■ **Material for this task**:
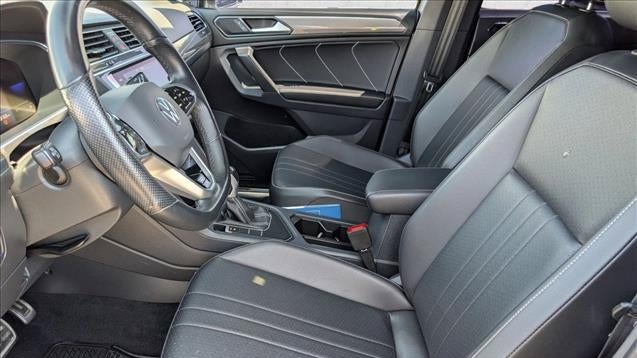 2022 Volkswagen Tiguan SE R-Line Black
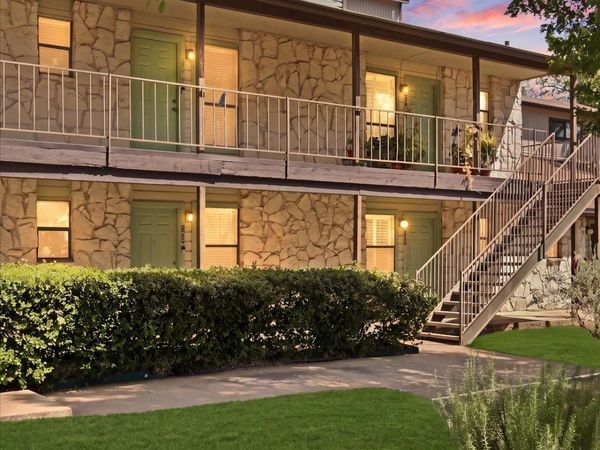 4307 S 1st ST, Unit 206, Austin, TX 78745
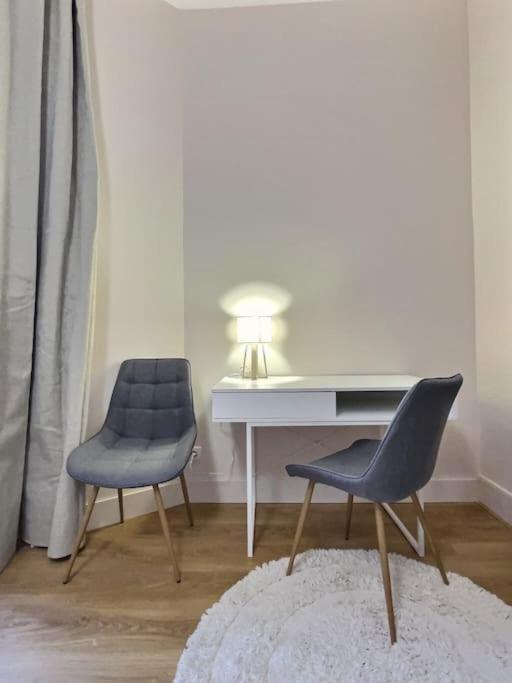 Au Jasmin De Miss K Apartment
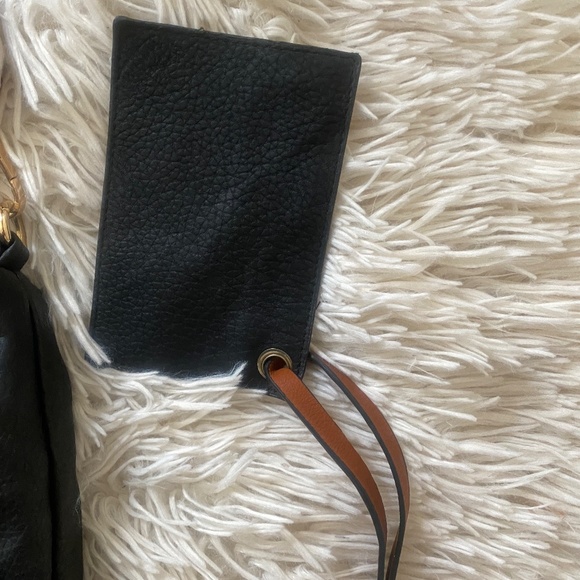 Black Leather Adjustable Shoulder Bag with Coin Purse - Picture 4 of 9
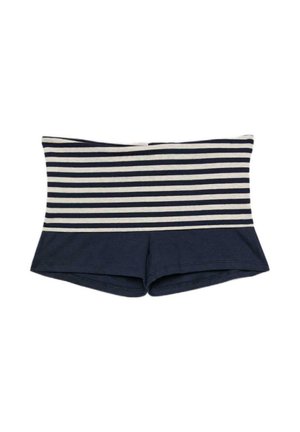 Short bleu marine avec une large ceinture comportant des rayures horizontales blanches et bleu marine.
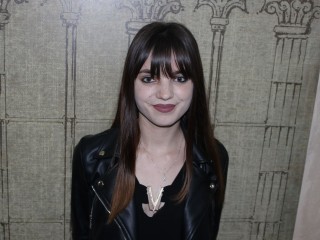 AlessandraAdams webcam girl as a performer. Gallery photo 1.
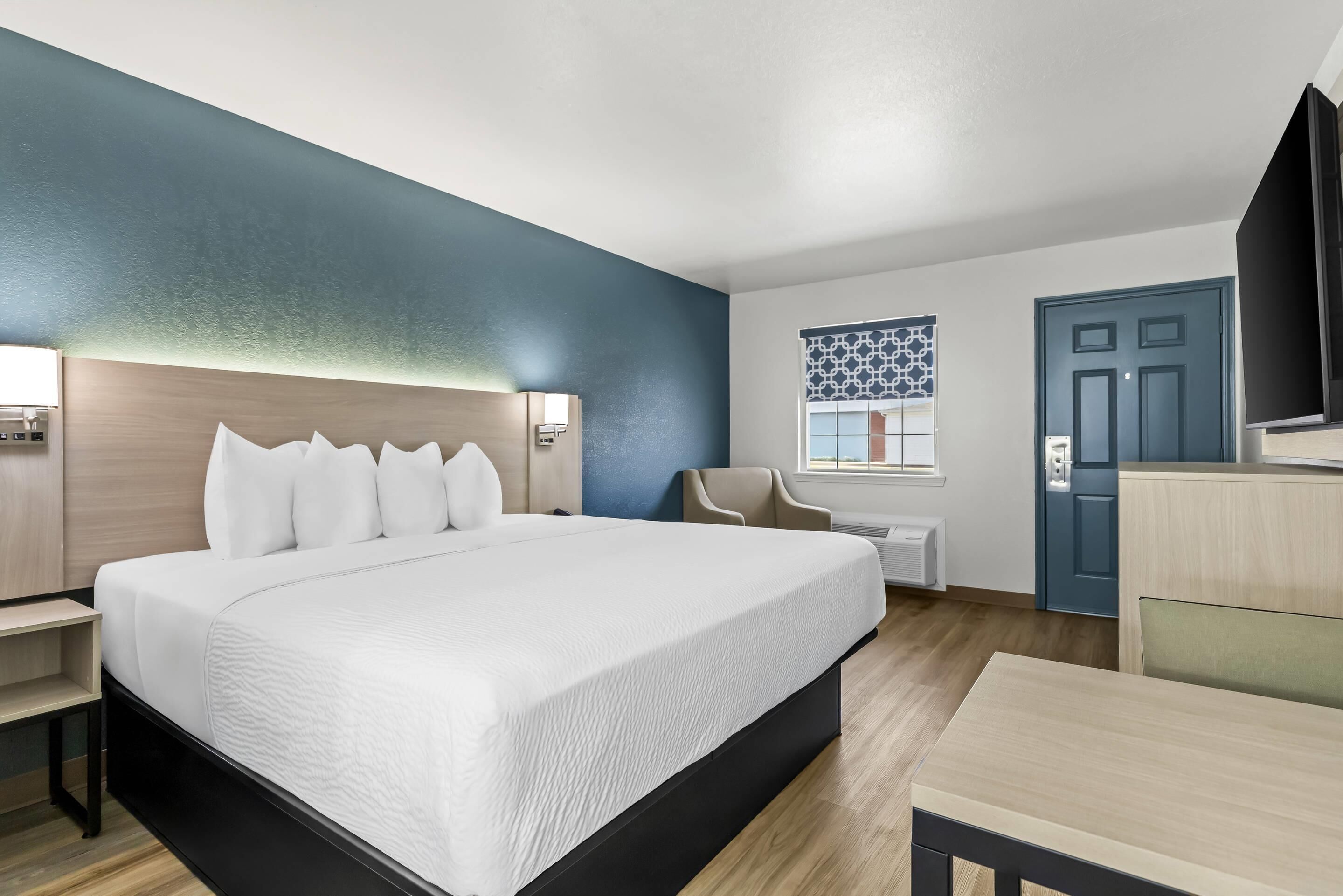 스탠다드룸, 킹사이즈침대 1개, 금연 | 책상, 노트북 작업 공간, 무료 WiFi, 침대 시트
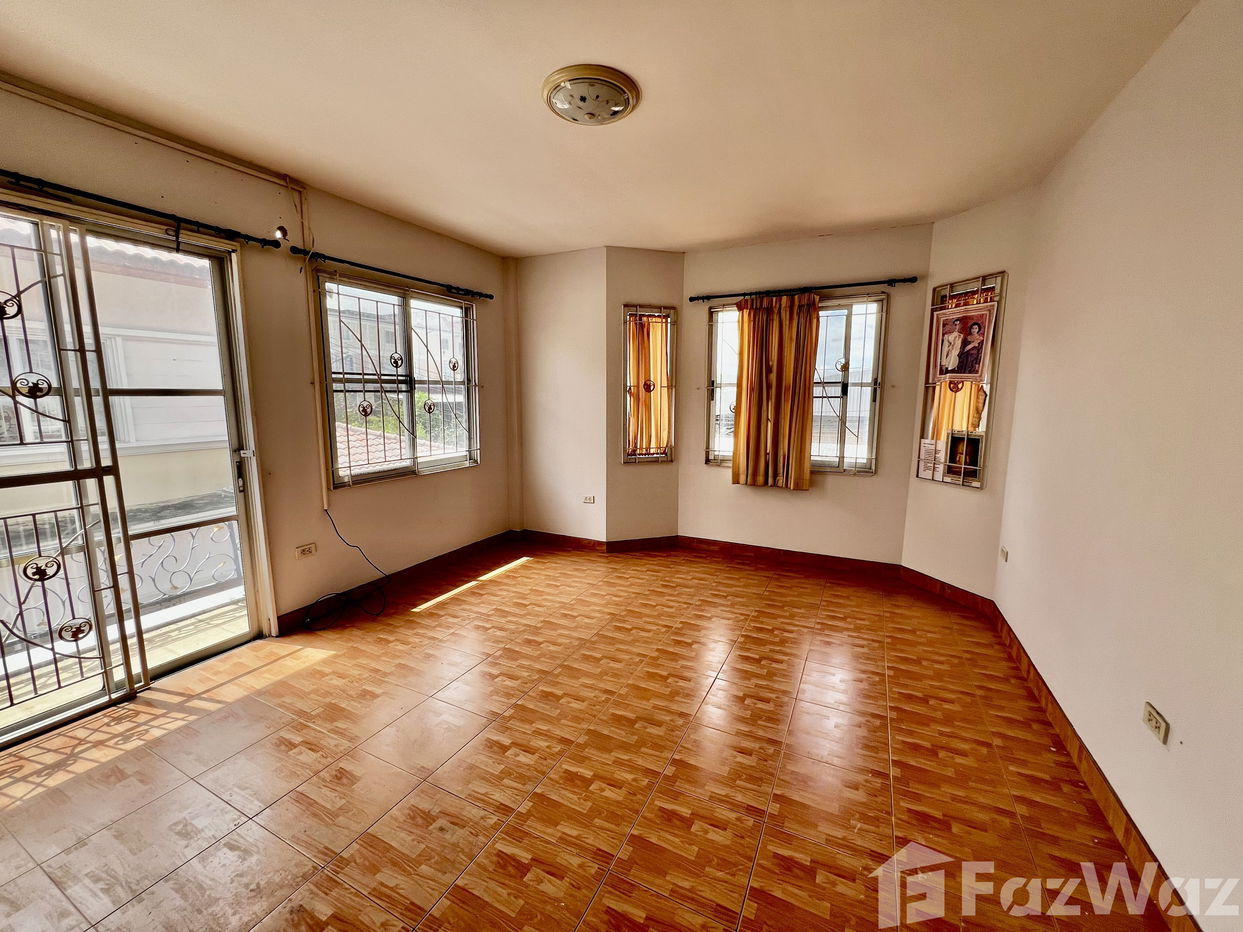 picture 3 Bedroom House for sale in Nong Pla Lai, Chon Buri  1891500 - 8/14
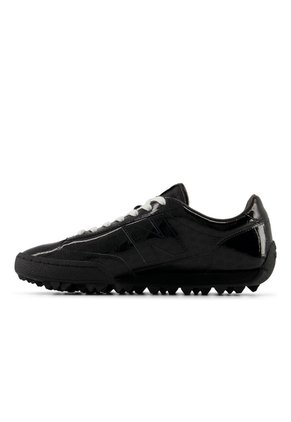Tenis Lifestyle Unisex Gator Run New Balance UGTR2SV
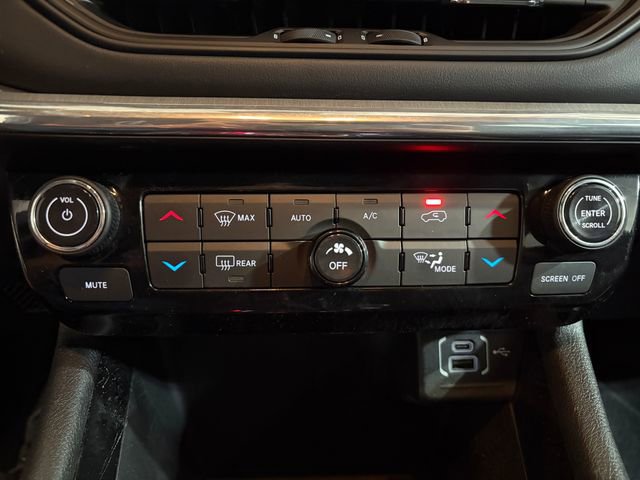 Used 2022 Jeep Compass Limited image 24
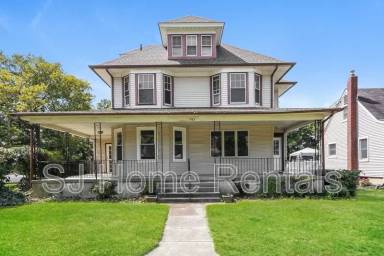 Main picture of 745 Highland Ave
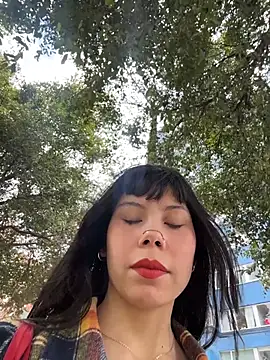 Snapshot of EemaHaruki chatting on November 12, 2025, 6:23 pm EemaHaruki online show from November 12, 2025, 6:23 pm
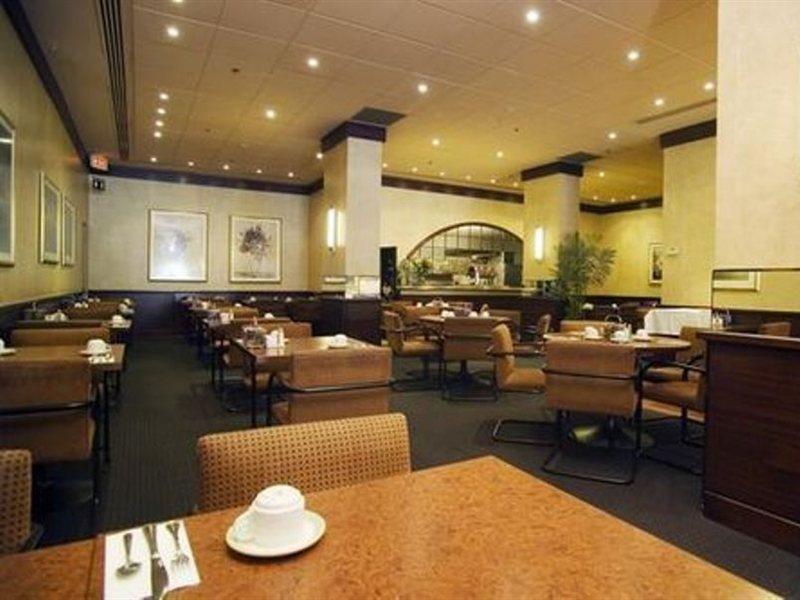 Best Western Primrose Hotel Downtown Toronto Restaurant foto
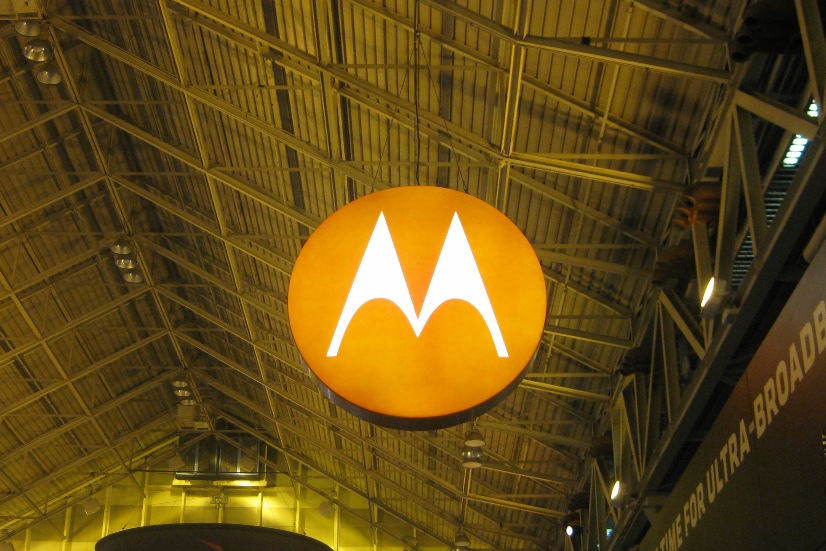 Motorola Droid 4 unveiled; Verizon LTE 4G, 4-inch qHD display and half an inch thick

■ **Task item**:
The stretch above running from the line with "picture 3 Bedroom" through the line with "Snapshot of EemaHaruki" is all you should copy, exactly, leaving out the pictures.

■ **Solution to this exercise**:
 picture 3 Bedroom House for sale in Nong Pla Lai, Chon Buri  1891500 - 8/14
Tenis Lifestyle Unisex Gator Run New Balance UGTR2SV
 Used 2022 Jeep Compass Limited image 24
 Main picture of 745 Highland Ave
 Snapshot of EemaHaruki chatting on November 12, 2025, 6:23 pm EemaHaruki online show from November 12, 2025, 6:23 pm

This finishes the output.